The feature film debut of Jon Stewart, Rosewater encapsulates everything that makes the famous Daily Show host a unique figure; its uplifting without ignoring reality, optimistic regarding human nature, and fully acknowledging how ridiculous things can be and the consequences of self seriousness.
- Jack Reacher
Tom Cruise is well known for his commitment to doing his own stunts, and Jack Reacher pits him in a grittier world than we’ve seen him in before; from the traumatic sniper opening to a terrific car chase to the rain soaked finale, Jack Reacher sees Cruise as a more frantic hero set in a more chaotic world, and future Mission: Impossible director Christopher McQuarrie knows how to let his star do his thing.
Turning the story of a single mother who invented a self-wringing mop with the weight of a business thriller, Joy is actually pretty short on any “joy”- it’s a mostly cutthroat thriller that roots Jennifer Lawrence’s characters in an empathetic sense of poverty. We feel every inch of the torment and frustration that Lawrence feels being an outsider whose taken advantage of- this is some of her best work.

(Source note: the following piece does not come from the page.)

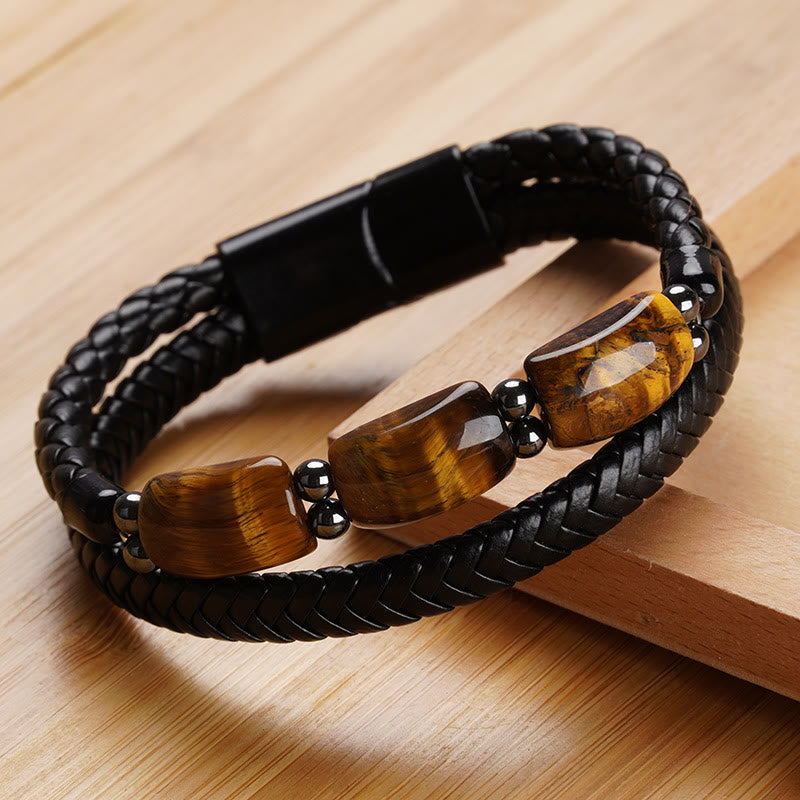 Buddha Stones Natural Tiger Eye Protection Willpower Magnetic Buckle Leather Bracelet - image 1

- Harry Potter and the Deathly Hallows- Part 2
Ending the decade long coming of adventure on a high note, the final film in the Harry Potter franchise wraps the series up with a great sense of finality to each character, most of all Alan Rickman’s Professor Snape, who gets his moments of depth and backstory that were set in motion ten years prior.
- El Camino: A Breaking Bad Movie
Jesse left Breaking Bad screaming, and El Camino is what happens after the fury is gone and reality sets in. It’s a poignant means of reflection on this character, a wonderful epilogue to one of the greatest shows ever made.